TASK STATEMENT: An exact copy of all the lines below is required, with every image left out.

DATASET:
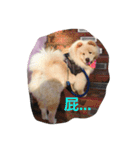 Uji's Vegging out life（個別スタンプ：10）
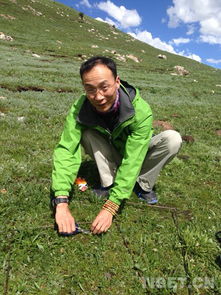 甘肃玛曲县的播种智慧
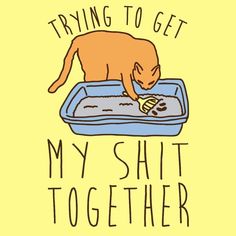 Katt Diy, Magnum Opus, Cat Shirt, E Card, Crazy Cat Lady, Funny Cat, Crazy Cats, The Words, Cat Memes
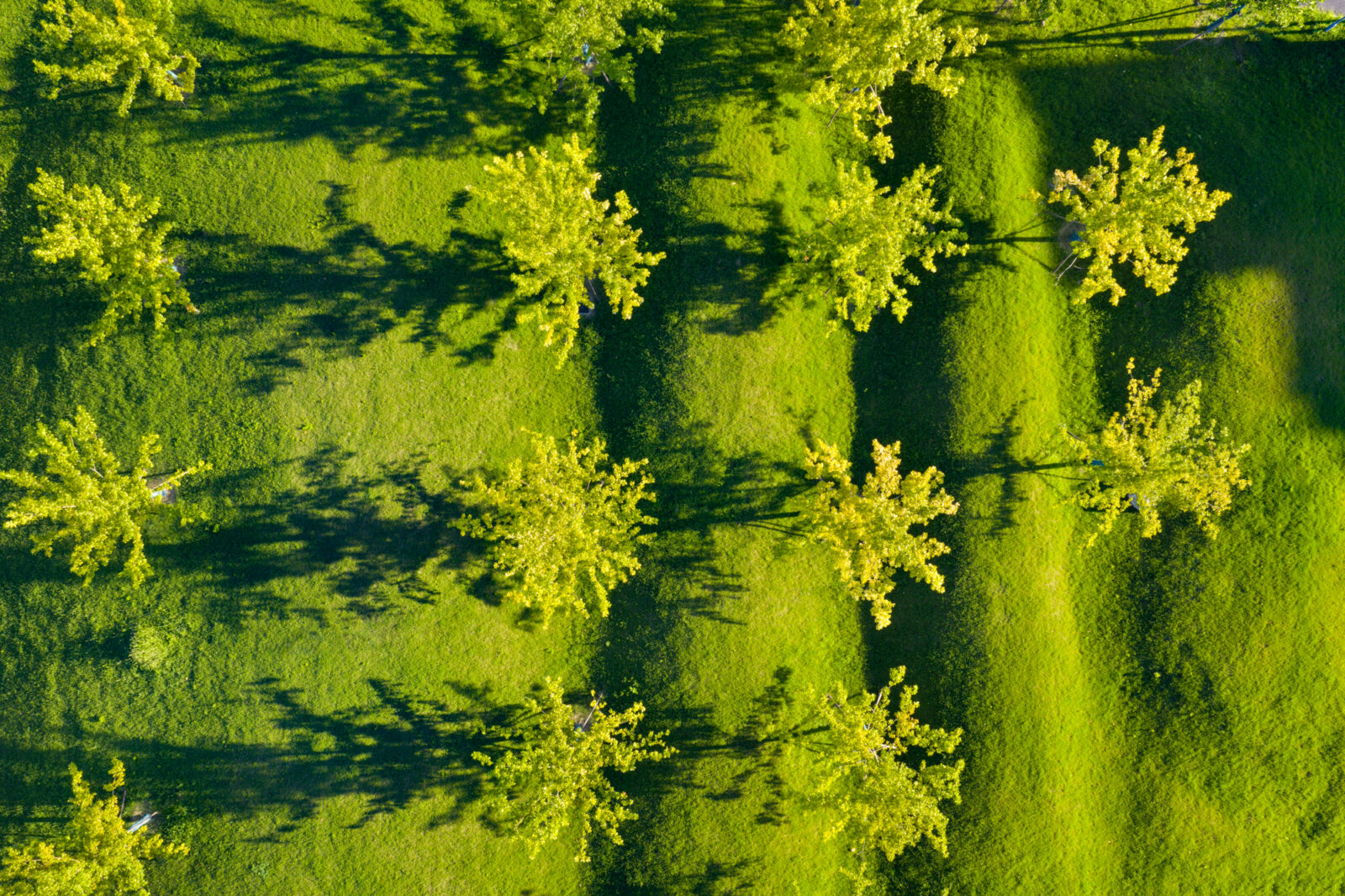 jyDJI_20250520050026_0283_D-编辑-©山间影像 Shan-jian images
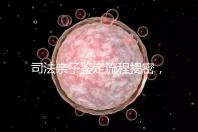 司法親子鑒定流程揭密，附準備材料請一并參考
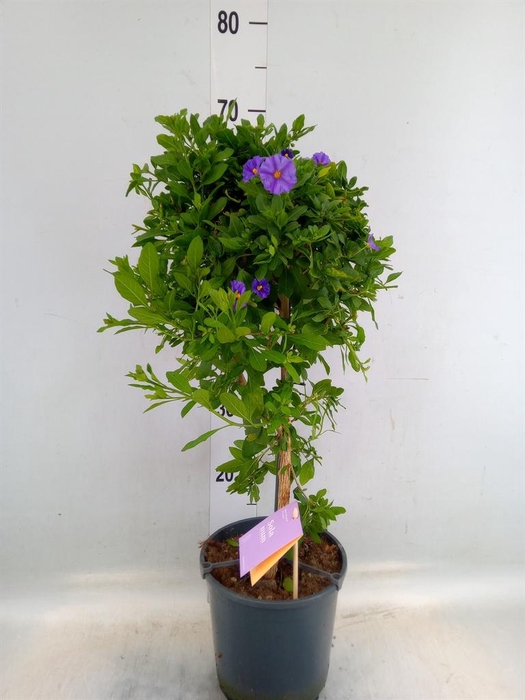 <h4>Lycianthes ran. 'Blue Fountain'</h4>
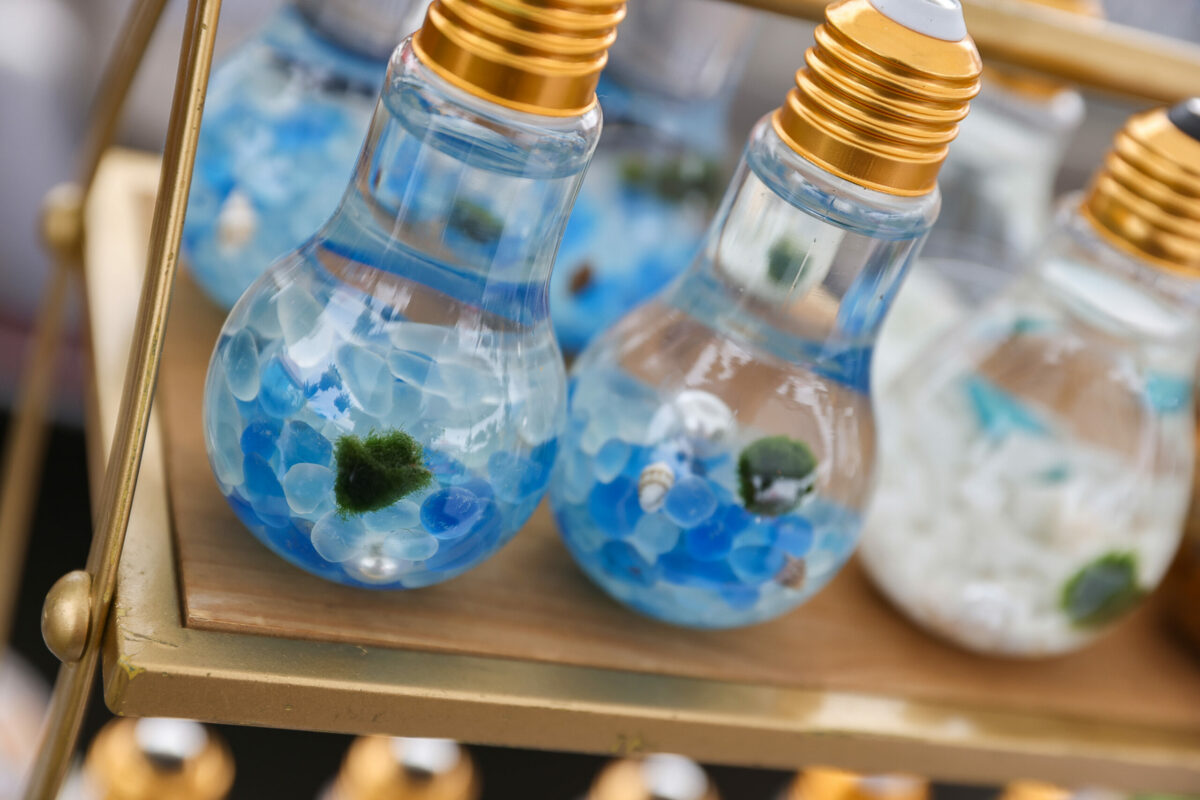 Marimo moss balls, from Japan, for sale at Ana Prado's Blooming Coast booth at the Santa Rosa Original Certified Farmer's Market in Santa Rosa, Wednesday, Aug. 9, 2023. (Christopher Chung / The Press Democrat)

RESULT OF THIS EXERCISE:
 Uji's Vegging out life（個別スタンプ：10）
 甘肃玛曲县的播种智慧
 Katt Diy, Magnum Opus, Cat Shirt, E Card, Crazy Cat Lady, Funny Cat, Crazy Cats, The Words, Cat Memes
 jyDJI_20250520050026_0283_D-编辑-©山间影像 Shan-jian images
 司法親子鑒定流程揭密，附準備材料請一并參考
 <h4>Lycianthes ran. 'Blue Fountain'</h4>
 Marimo moss balls, from Japan, for sale at Ana Prado's Blooming Coast booth at the Santa Rosa Original Certified Farmer's Market in Santa Rosa, Wednesday, Aug. 9, 2023. (Christopher Chung / The Press Democrat)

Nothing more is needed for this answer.